Wednesday, May 30, 2012

OBAMA BECOMES 8,749TH PERSON TO OFFEND POLES IN PRECISELY THE SAME WAY

Right-wingers are attacking President Obama for a remark at yesterday's Medal of Honor Freedom ceremony that Poles regard as offensive:

Poles and Polish-Americans expressed outrage today at President Obama's reference earlier to "a Polish death camp" -- as opposed to a Nazi death camp in German-occupied Poland.

"The White House will apologize for this outrageous error," Foreign Minister Radek Sikorski tweeted. Sikorski said that Polish Prime Minister Donald Tusk "will make a statement in the morning. It's a pity that this important ceremony was upstaged by ignorance and incompetence."

The president had been trying to honor a famous Pole, awarding a Presidential Medal of Freedom to Jan Karski, a resistance fighter who sneaked behind enemy lines to bear witness to the atrocities being committed against Jews. President Obama referred to him being smuggled "into the Warsaw ghetto and a Polish death camp to see for himself."
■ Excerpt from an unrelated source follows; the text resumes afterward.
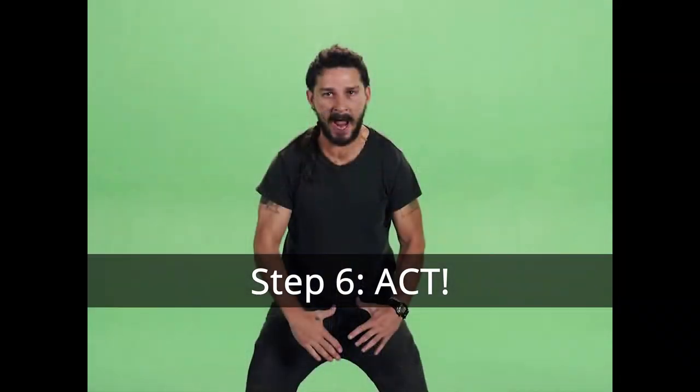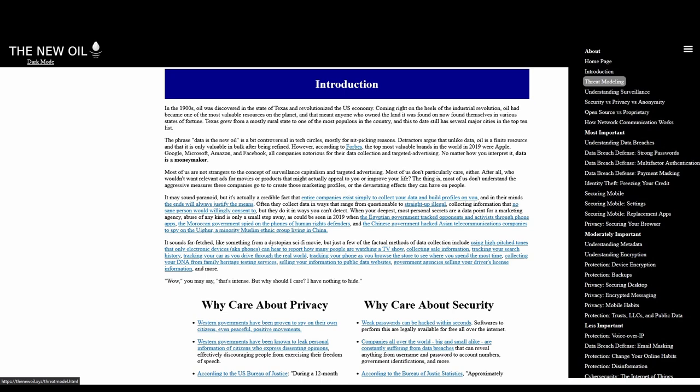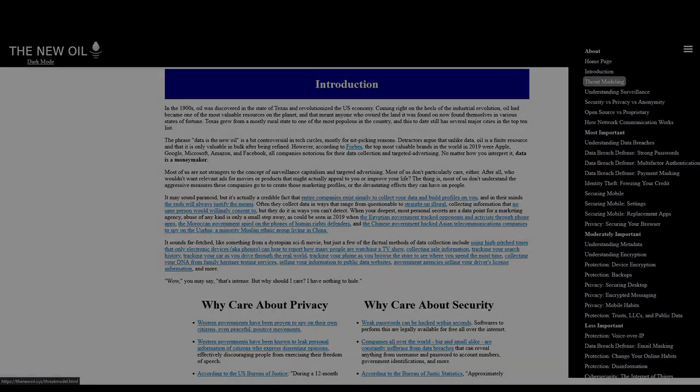Last but not least, step number six is to act on this stuff. Once you've got a good idea of what you want to protect, who you're protecting it from, the likelihood and the consequences, and where that line of convenience is for you, this doesn't do you any good unless you actually do something about it and implement the tools to protect yourself. If you need help deciding what tools are right for your threat model, be sure to check out my website, thenewoil.xyz. Thank you for watching and I will see you next time.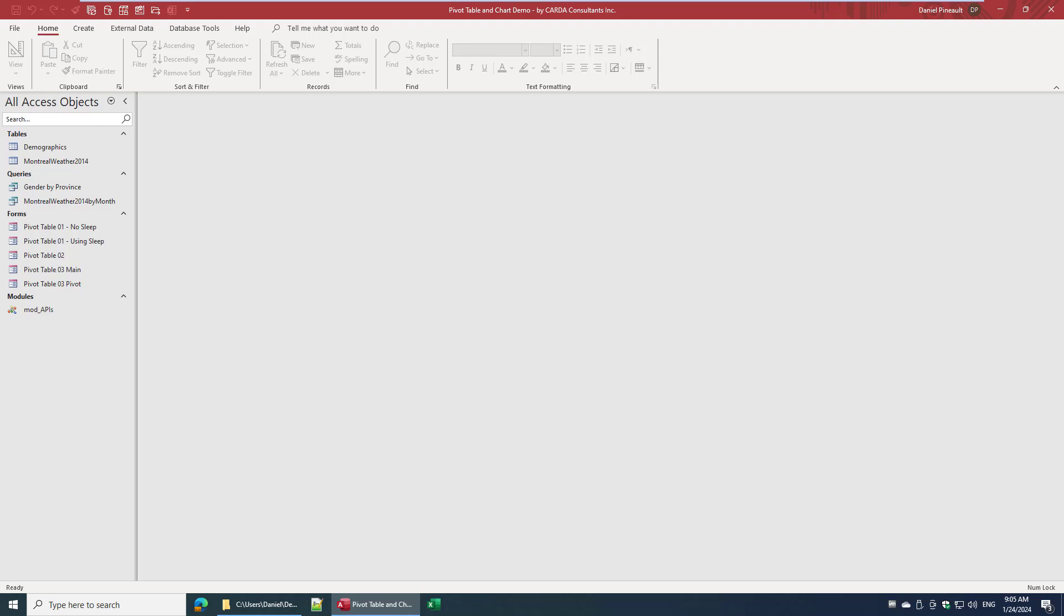I received an email earlier in which a user had requested that I try to update my pivot table demo database so it would use the new modern web browser.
National Security Council spokesman Tommy Vietor said in a statement, "The President was referring to Nazi death camps operated in Poland. The President has demonstrated in word and deed his rock-solid commitment to our close alliance with Poland." ...


The right-wingers who want to argue that this is some sort of uniquely Obama-esque gaffe need to know that, for better or worse, this happens all the time. Here's a 2009 story at Poland.com:

American broadcaster CNN has apologized Poland for using a phrase "polish death camps" during their Tuesday's report of "March of the living" in Auschwiz-Birkenau.

Using words "polish death camps" on information strip during other news CNN joined a large group of broadcasters. Similar phrases were used by ABC News, CBS News and newspapers New York Times, Die Welt and The Guardian. Especially distasteful is the usage of phrase by the German newspaper.

Also republican senator Sam Brownback from Kansas used a phrase "polish concentration camp" while speaking in Congress about the film telling the story of Irena Sendlerowa. Poles demand a disclaimer in Congress from him.


Wow -- even a Republican has done this!

Also guilty of this have been Ha'aretz, USA Today, the L.A. Times, the Chicago Tribune, The Daytona Beach News-Journal, the Associated Press, The Buffalo News, Canada's Globe and Mail newspaper and broadcaster CTV, The Toronto Star, and the British comedian Stephen Fry. And that's just a list of people and organizations that have been reproached for it.

Oh, one more: Fox News.

Yes, it would have been better if the administration had avoided the gaffe, but it's quite a common gaffe.